Discussion and Future Work

I started this project assuming trackers were uniformly expensive and that a model would be the hard part. I was wrong on both counts.


Key Findings

1. Render-blocking trackers are a myth (almost)

I designed a third target variable, render_delay, to capture sync scripts that block first paint. Then I queried the data. The render-blocking audit was dominated by fonts.googleapis.com, cdnjs.cloudflare.com, cdn.jsdelivr.net: CDNs and first-party resources. The only tracker in the top 20 was cdn.cookielaw.org, a consent manager.

Trackers load async. Not because they’re well-behaved, but because ad networks and analytics vendors learned long ago that blocking rendering kills their own viewability and engagement metrics. The incentives aligned. Render-blocking is a property of how sites include resources, not of the resources themselves. I killed the target. Two axes, CPU and network, capture the meaningful variation.

2. Transfer size is a terrible proxy for CPU cost

bat.bing.com serves 258-byte stubs. Looks harmless by every request-level metric. Lighthouse measured 105ms of scripting time. The tiny script triggers event listeners, cookie operations, and beacon logic that burns CPU far out of proportion to its transfer size.

This is the central tension of the project. Request metadata, the stuff you can observe without running Lighthouse, tells you how big something is, not how expensive it is to execute. max_script_bytes is the #1 SHAP feature for CPU prediction, but it’s a noisy proxy. The gap between “big” and “expensive” is where the model struggles and where the rho=0.751 ceiling comes from.

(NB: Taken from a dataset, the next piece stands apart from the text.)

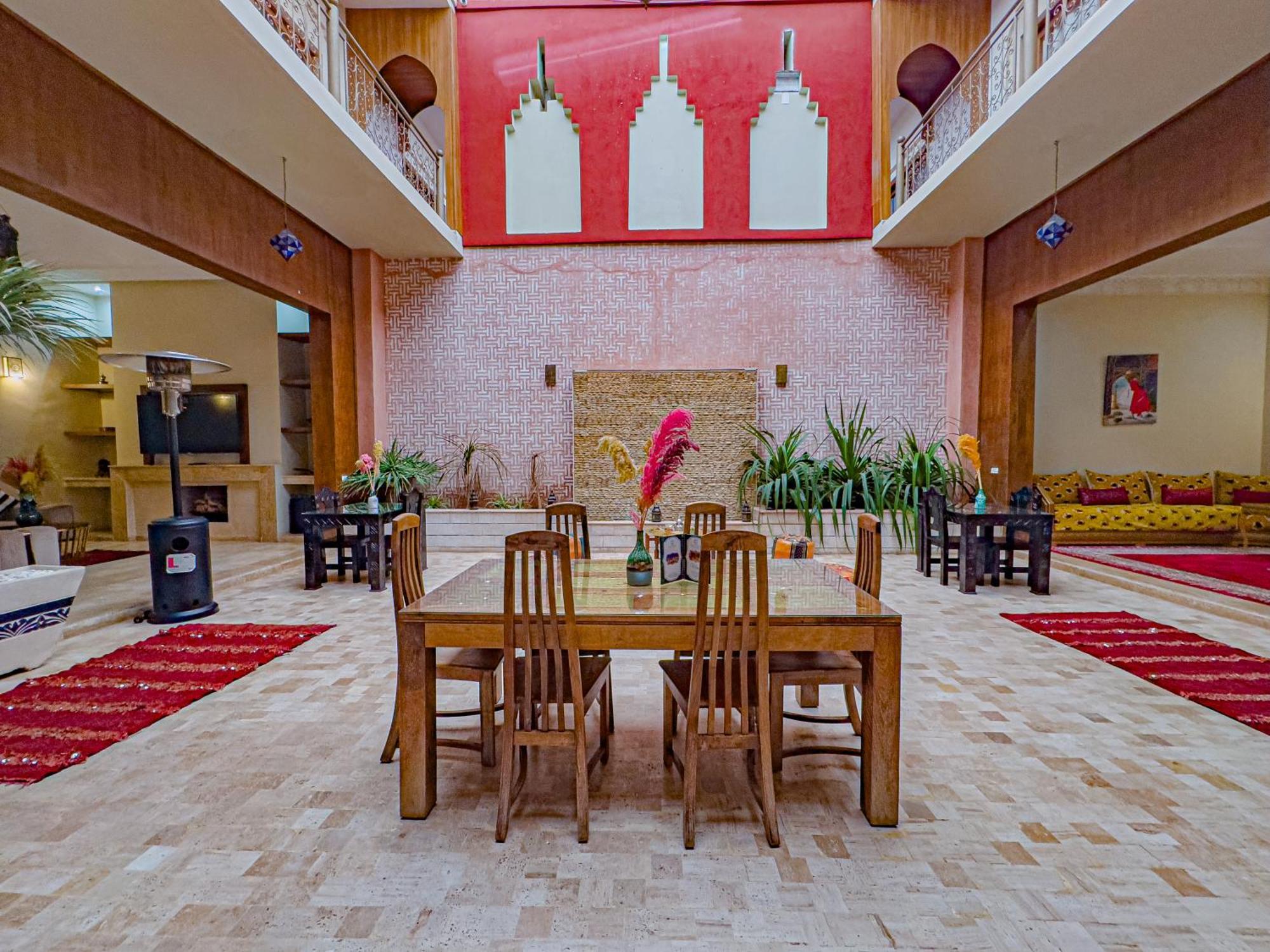 Riad Azia Marrakesh Eksteriør bilde
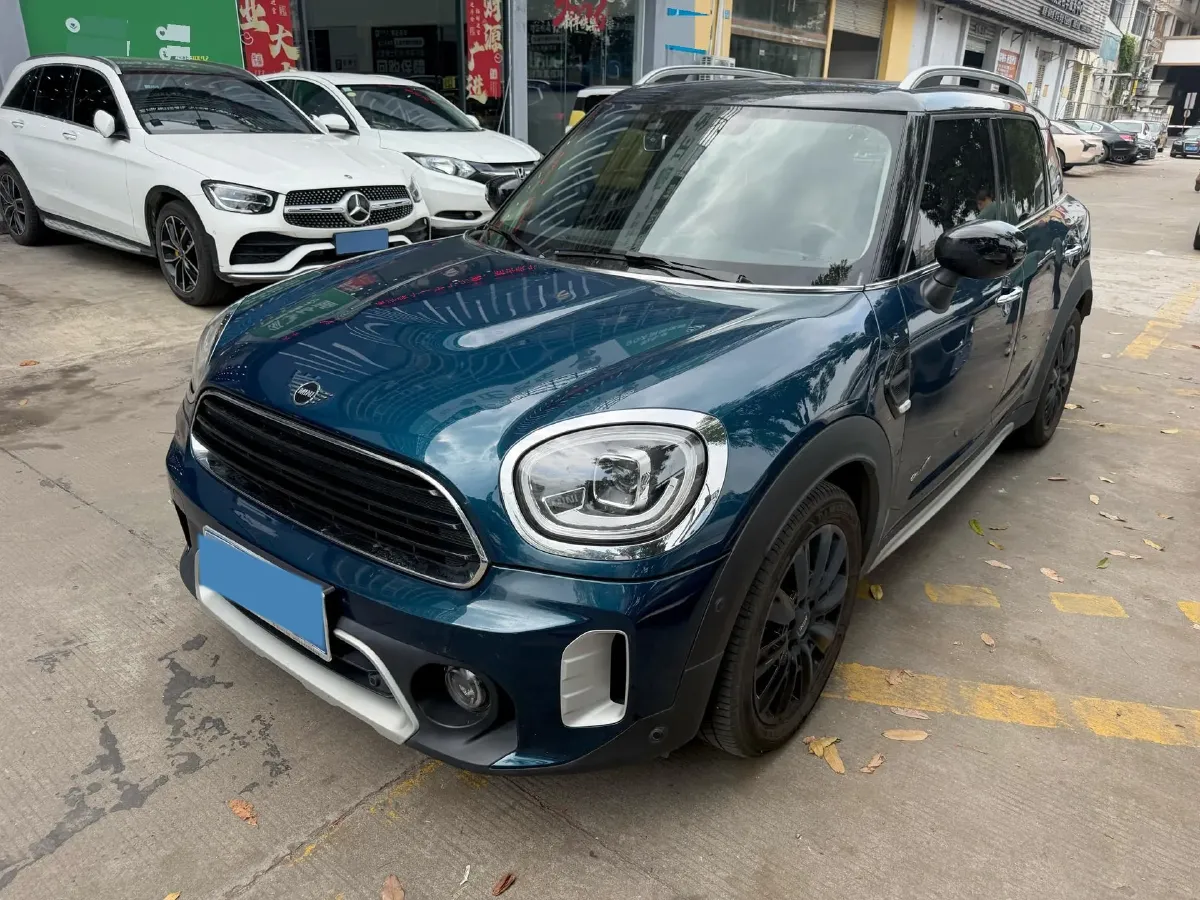 2021 MINI COUNTRYMAN 1.5T 136HP L3 8AT,autocango,china used car exporter,china ev exporter,chinese used car exporter,chinese used ev exporter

3. The Disconnect taxonomy is orthogonal to performance

SHAP feature importance shows Disconnect categories (Advertising, Analytics, Social, Fingerprinting, Cryptomining) barely register as predictors for either target. Advertising domains span the entire 2D space from lightweight pixels to heavyweight SDKs. “Analytics” includes both Google Analytics (~130ms scripting) and invisible beacons with zero measurable cost.

The privacy taxonomy and the performance taxonomy are independent dimensions. A tracker’s category tells you what it does to your privacy. It tells you almost nothing about what it costs your page load.

4. Half of tracker domains have no measurable CPU cost

2,407 out of 4,592 domains don’t appear in Lighthouse’s bootup-time audit. The distribution is bimodal: either a tracker uses meaningful CPU or it uses effectively none. There’s no smooth gradient; it’s a step function with a long tail on the right.

This isn’t a data quality issue. Lighthouse only reports scripts above a CPU threshold. Absence from the bootup-time audit means “below the threshold,” which for practical purposes means “negligible.” The labeled/unlabeled split in my dataset is a measurement artifact, and the bimodal distribution is real.

5. Network cost is trivially solved

Spearman rho 0.999. Transfer size is network cost. The p50_transfer_bytes feature alone gets you to 0.911. Adding bytes_per_page and requests_per_page pushes it to 0.999. The XGBoost model for network cost is essentially f(transfer_size, bytes_per_page), and everything else contributes nothing.

This isn’t a modeling achievement; it’s a statement about the target variable. Network cost, defined as the percentile rank of transfer overhead, is directly observable from the same data used to construct the features. The model doesn’t generalize here; it memorizes a near-identity mapping. But that’s fine. The network cost scores are accurate, and that’s what matters for the lookup table.

6. Main thread cost is the hard problem

Spearman rho 0.751. Meaningful signal from max_script_bytes, bytes_per_page, and script_request_ratio. But a 25% error rate in ranking. The model gets the broad strokes right (it knows GTM is more expensive than a tracking pixel), but it struggles in the 0.4-0.8 range where “moderately expensive” and “very expensive” are hard to distinguish from request metadata alone.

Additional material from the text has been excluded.